Les résistances contre le mariage homosexuel continuent d’exacerber le débat de société. Mais la toute récente promulgation de la loi marque une étape irréversible.
Sans attendre plus longtemps, les premiers couples homosexuels entament leurs démarches administratives. « Nous sommes venues récupérer les formulaires », expliquent Corinne et Laurence, ce mardi matin sur la place de l’Hôtel de ville de Saint-Paul.
Le couple veut faire les choses en grand. « On aimerait que ça soit Mme Bello qui nous unisse », persiste Corinne, chef d’entreprise de 51 ans, habitant Fleurimont.
« Pendant trois ans, on en a parlé, on en a souffert. On envisageait à un moment donné de se pacser. Mais le texte du PACS est pour moi à revoir pour les couples homosexuels. C’est un texte qui apporte des obligations mais pas les mêmes droits que pour les gens unis par le mariage traditionnel », déplore Corinne.
Dans cette optique, le vote du mariage homosexuel en France est vécu comme une libération inespérée au bout de trois ans et quelques mois de vie commune avec la saint-pierroise Laurence. « Le mariage, c’est pour nous une finalité, un accomplissement, une reconnaissance des autres aussi », complète Laurence, 24 ans, en formation pour devenir ambulancière.
Si cette union représente en effet une concrétisation, elle ne représentera que la moitié du chemin à parcourir. La raison : le couple souhaite s’engager dans la co-parentalité au plus vite. « Cela se fera dans les mêmes termes que le mariage », c’est-à-dire « rapidement », envisagent-elles. « Je ne peux plus avoir d’enfant », concède Corinne. « Je n’en ai jamais eu. Je le ressens comme un manque pour être complètement épanouie dans la vie. Avant, je ne me sentais pas prête à avoir un enfant. Suis-je hétéro ? Suis-je homo, suis-je bi ?Je suis allée au bout des deux situations », explique Corinne qui avoue être « restée dans une hétérosexualité jusqu’à l’âge de 28 ans » tout en sachant dès ses 13 ans que « j’étais amoureuse de mes camarades… féminines ».

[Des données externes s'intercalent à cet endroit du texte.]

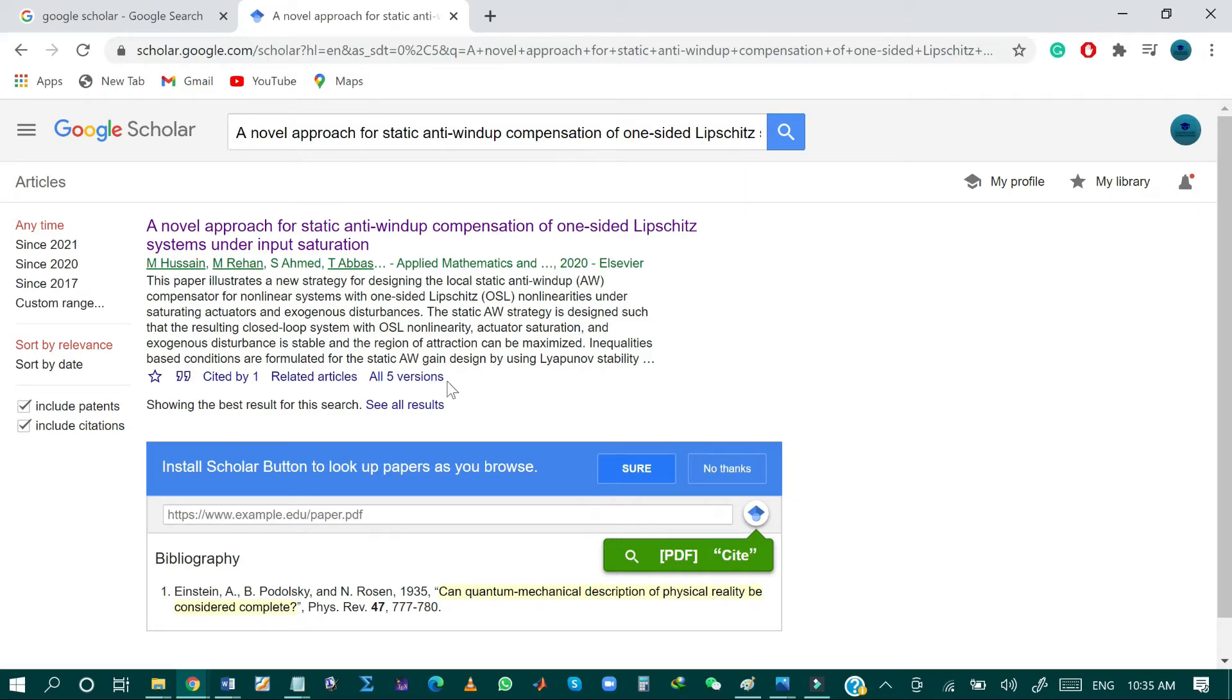Furthermore, as you can see, I do not have any import link over here. So later on, I will show you how you can add the import link to your Google Scholar settings.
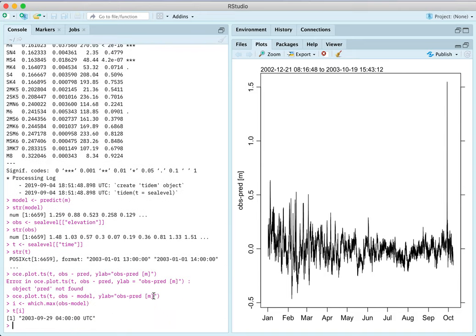That big spike was in the year 2003, September 29 at 4 o'clock universal time. That's about midnight local Halifax time. And this, I can tell you from personal experience, is the time when Hurricane Juan was smashing Halifax up.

Insémination artificielle en Belgique ou en Espagne
La parentalité tant désirée amènera le couple à franchir les frontières: « Nous procéderons par insémination artificielle. Nous irons le faire en Belgique ou en Espagne ». Une décision prise avec regret. « Si ça avait été possible en France, on l’aurait fait ici », concède Laurence. « Ce n’est pas qu’on fuit, c’est tout simplement que l’on ne nous autorise pas à être reconnue comme tout couple hétérosexuel pouvant donner vie. Donc, on va aller où les droits sont en notre faveur », précise-t-elle. « Dans l’absolu, rappellent les deux femmes, nous aurions préféré une insémination par une personne connue mais on n’a pas trouvé la personne qui puisse accepter ce genre de chose », ajoute la jeune femme. C’est donc vers l’anonymat du géniteur autorisé dans ces pays d’Europe que le couple se tourne.
Sur le parvis de l’Hôtel de ville de Saint-Paul, comme une ultime répétition, Corinne et Laurence se tiennent la main sans fuir les regards. « On va se présenter à l’accueil de l’état-civil comme un couple qui depuis peu a le droit de se marier », assurent-elles. La rencontre avec Huguette Bello sera remise à plus tard mais elles espèrent bien devenir, pour le symbole, le premier couple de même sexe uni à Saint-Paul, et pourquoi pas à La Réunion.